The winning couple stand to take home $50,000 – unless, that is, the one who has been given the option of keeping it all to themselves decides to do the dirty on their partner.
Remarkably, love does apparently happen, despite the 24/7 gaze of 60 cameras, the whims of the voting public and the manipulations inherent in any reality TV production.
Just ask Josh Moss, the 26-year-old former rugby league education officer who spent the first part of season one desperate and dateless before finishing in third place with Amelia Plummer, with whom he is still romantically involved a year later.

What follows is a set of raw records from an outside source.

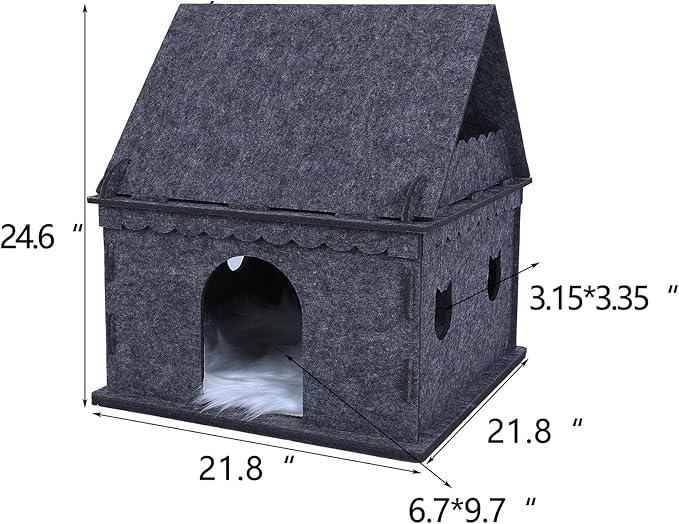 2-Tier Indoor Cat Apartment，Cozy Pet Cat Bed, Hideaway, and Sturdy Cat Castle for Multiple and Large Cats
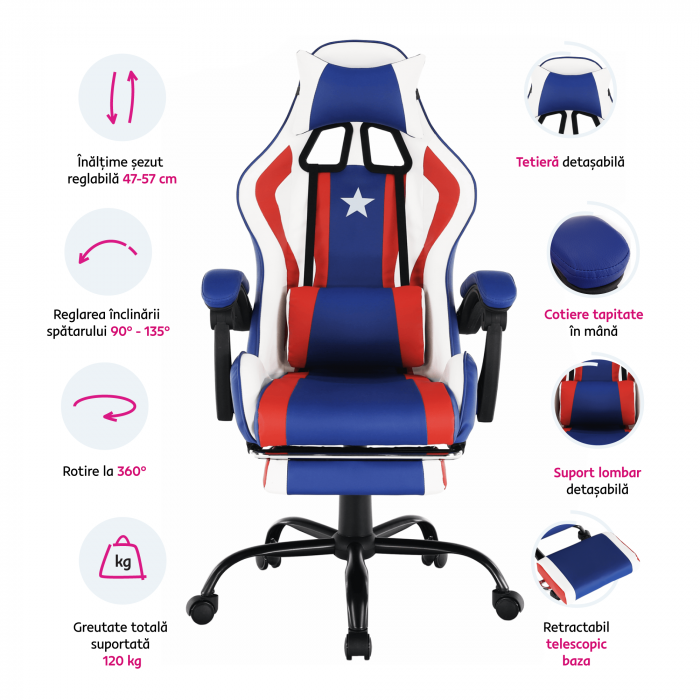 Scaun de birou, Captain America, piele eco albastru/rosu/alb, cu suport pentru picioare, Bortis Impex [8]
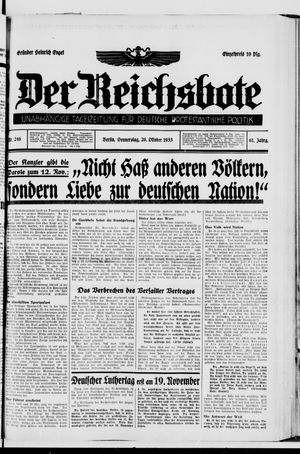 Der Reichsbote vom 26.10.1933
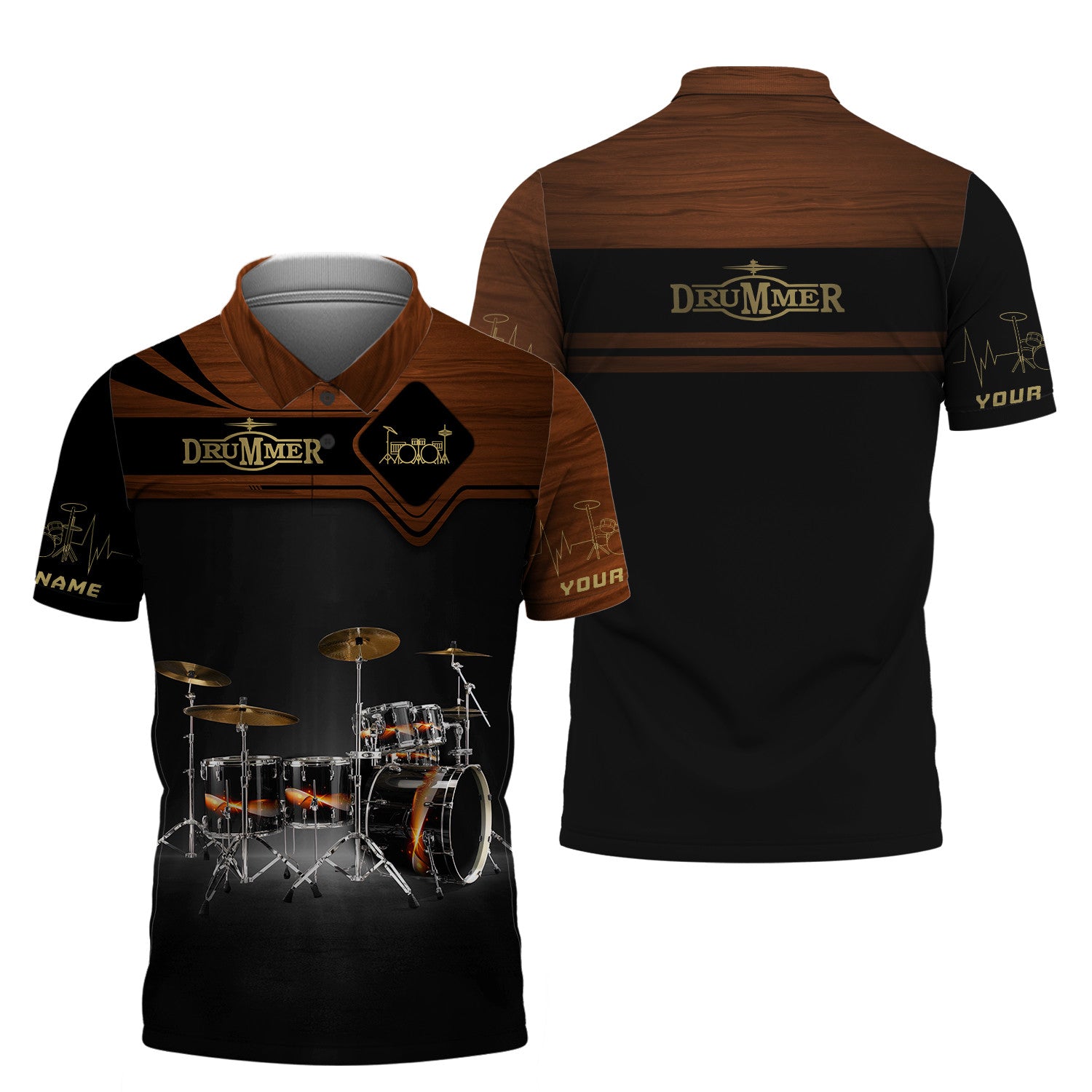 Brown Drum Set Personalized Name 3D Zipper Hoodie Gift For Drum Lovers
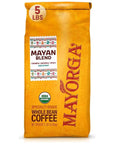 Mayorga Medium Roast Whole Bean Coffee 5 lb bag  Mayan Blend Coffee Roast  Smooth  Flavorful Organic Coffee  Specialty Grade 100 Arabica Coffee Beans  NonGMO Direct Trade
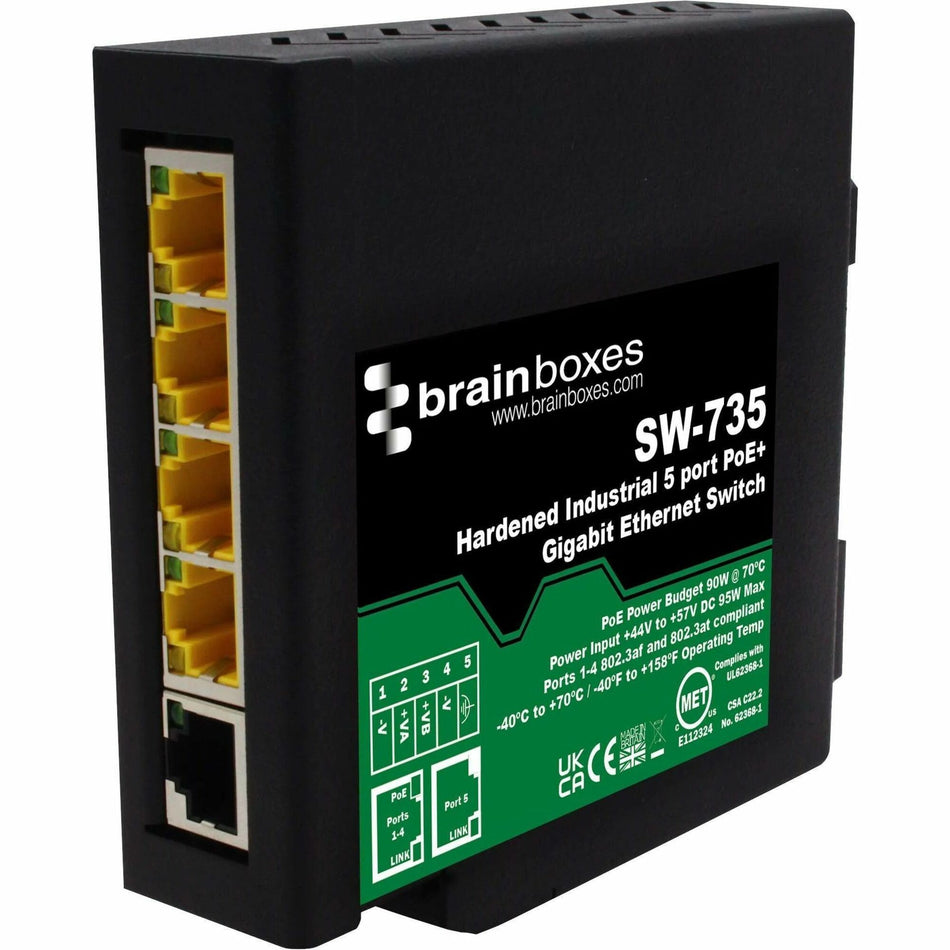 Brainboxes Hardened Industrial 5 Port PoE+ Gigabit Ethernet Switch - SW-735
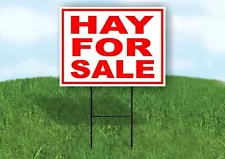 HAY FOR SALE RED WHITE Yard Sign Road with Stand LAWN SIGN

“I truly went in there trying to find a partner, someone I was going to fall in love with,” says Moss. “I thought I’d exhausted every other option in trying to find a girl so why not try a reality show.
Season one contestant Josh Moss has absolutely no regrets.Credit:Nine
“I know that sounds cliched but I truly did. I liked the idea of being in front of the camera, being in the media world – that was in my mind a little bit – but my main objective was to try and find love.”
For him, the experience has been nothing but positive. He now has a thriving career doing endorsements and ad campaigns, is earning more than he did before starting the show, and has a relationship that has survived, he says, by virtue of the fact he and Plummer consciously slowed things down once they were out of the hothouse.
Not everyone is so lucky, which is why Wiemers says the production offers a range of psychological support for up to 14 months after filming begins. “That’s so that if the show goes to another series they can deal with any issues that might bring up,” she explains.
But Moss reckons the most common complaint of former reality contestants is easily dealt with.
“Some people think they got a rough run with the editors but at the end of the day if you did it or you said it, it’s not the editors’ fault they put it out there,” he says.
The best bit of advice he got before starting the show was the one by which he tried to live, he adds. “If you don’t want to look like a dickhead, don’t say dickhead things.”
Love Island Australia is on Nine from October 7, Monday to Friday at 8.45pm. Nine is the publisher of The Age and The Sydney Morning Herald.